His tough-guy tariffs allowed him to appear as a modern cold warrior, fighting to make America great again.
However, the economics of the situation caught up with the politics. Facing tremendous pushback from the business community, which universally condemned the tariffs and the prospect that his base would start feeling economic pain, Trump had to backtrack.
Trump's retreat came as several analysts, including from Goldman Sachs and the Bank of America, said the trade war was raising the risk of a recession.
Trump's greatest strength going into the 2020 election cycle would be a good economy and he often boasts about strong market and employment numbers at his rallies.
Nonetheless, China may still be more useful to Trump as a political foil than a trade partner.
Trump rode to power on a wave of grievances. Earlier on the same day that his administration delayed the tariffs, Trump tweeted, "After years of being ripped off by other nations on both Trade Deals and the Military, things are changing fast. Big progress is being made."
However, the prospects of Trump making a trade deal with China that will revitalize the manufacturing industry in the U.S. heartland are zero, as the AT Kearney report makes clear.
China may agree to resume buying U.S. agricultural products, perhaps in greater volume than before, but this may or may not make up for the beating U.S. farmers have taken so far. After all, China recently announced it would stop purchasing all American agricultural products.
Despite Trump's partial retreat on tariffs, the biggest risk facing the economy is that Trump decides China is more useful as a political foil than as a trading partner.
There are many people in his circle who would prefer the U.S. decouple its trade ties with China, including Peter Navarro, assistant to the president, director of trade and manufacturing policy, and author of Death by China.

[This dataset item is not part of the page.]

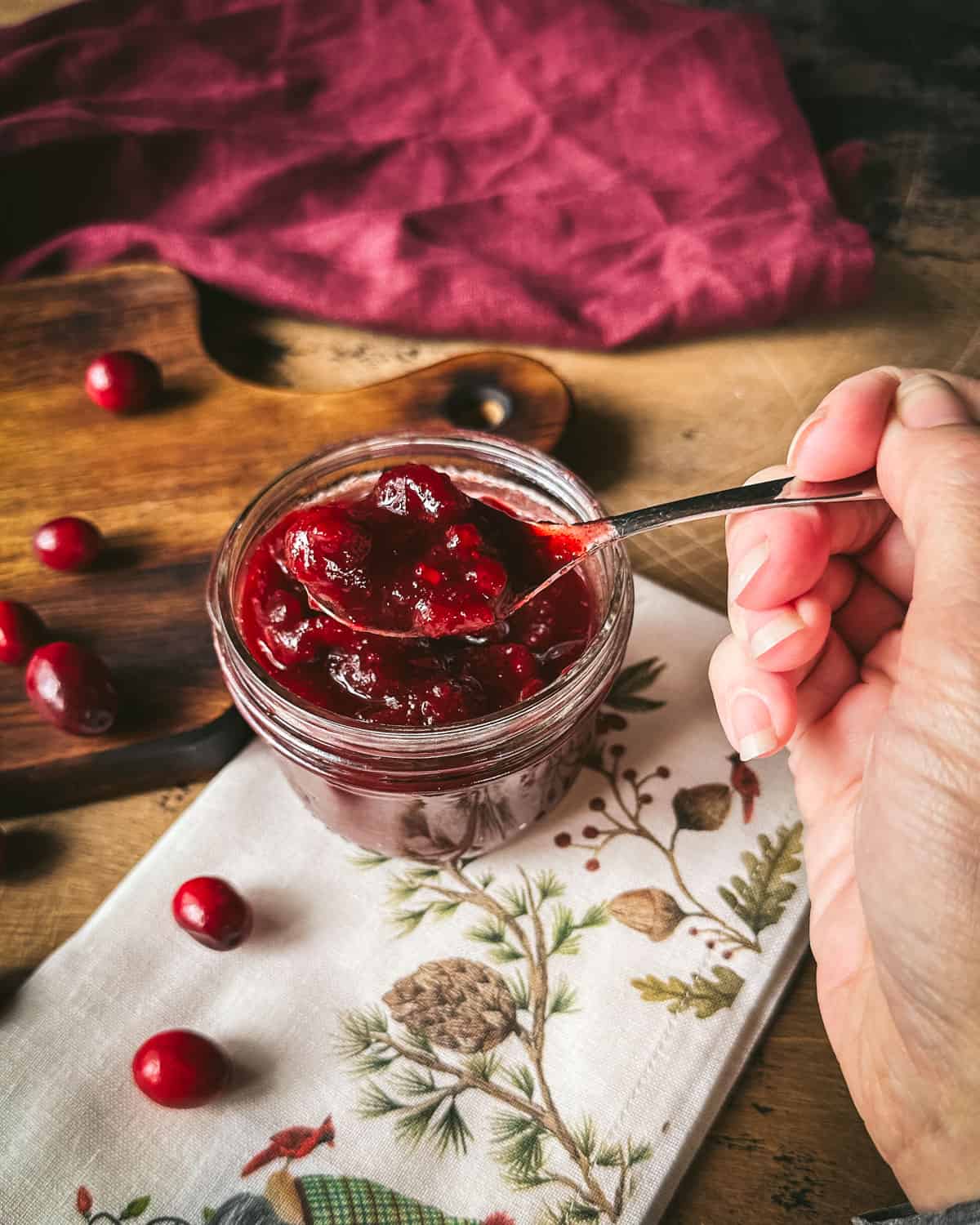 Pickled cranberries being spooned out of a jar, sitting on a white napkin with flowers, on a wood cutting board, surrounded by fresh cranberries.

Trump's former campaign manager and White House chief strategist Steve Bannon recently helped launch the Cold War-inspired Committee on the Present Danger: China. In an open letter, it wrote, "We welcome the measures you have taken to confront Xi's government and selectively to decouple the U.S. economy from China's insidious efforts to weaken it."

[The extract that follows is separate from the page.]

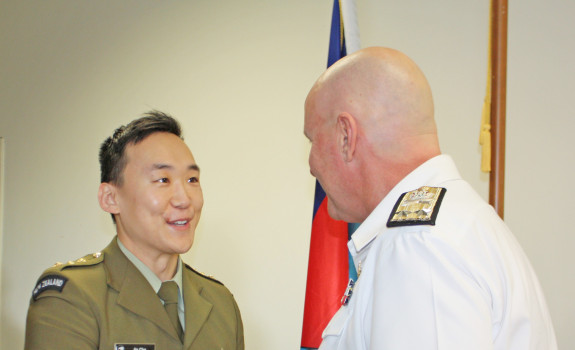Captain Jin Cha in military dress uniform, receives the New Zealand Defence Service Medal from Commander Joint Forces New Zealand, Rear Admiral Jim Gilmour. The pair shake hands.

On an economics level, the trade war was clearly not working. Despite pressure from China hawks in his circle of advisers, perhaps Trump is coming to realize it is not going to work on a political level either, creating a space for a deal.
Hopefully, both sides will seize this chance, and make some real compromises addressing the substantive trade issues at stake before the issues become hopelessly politicized.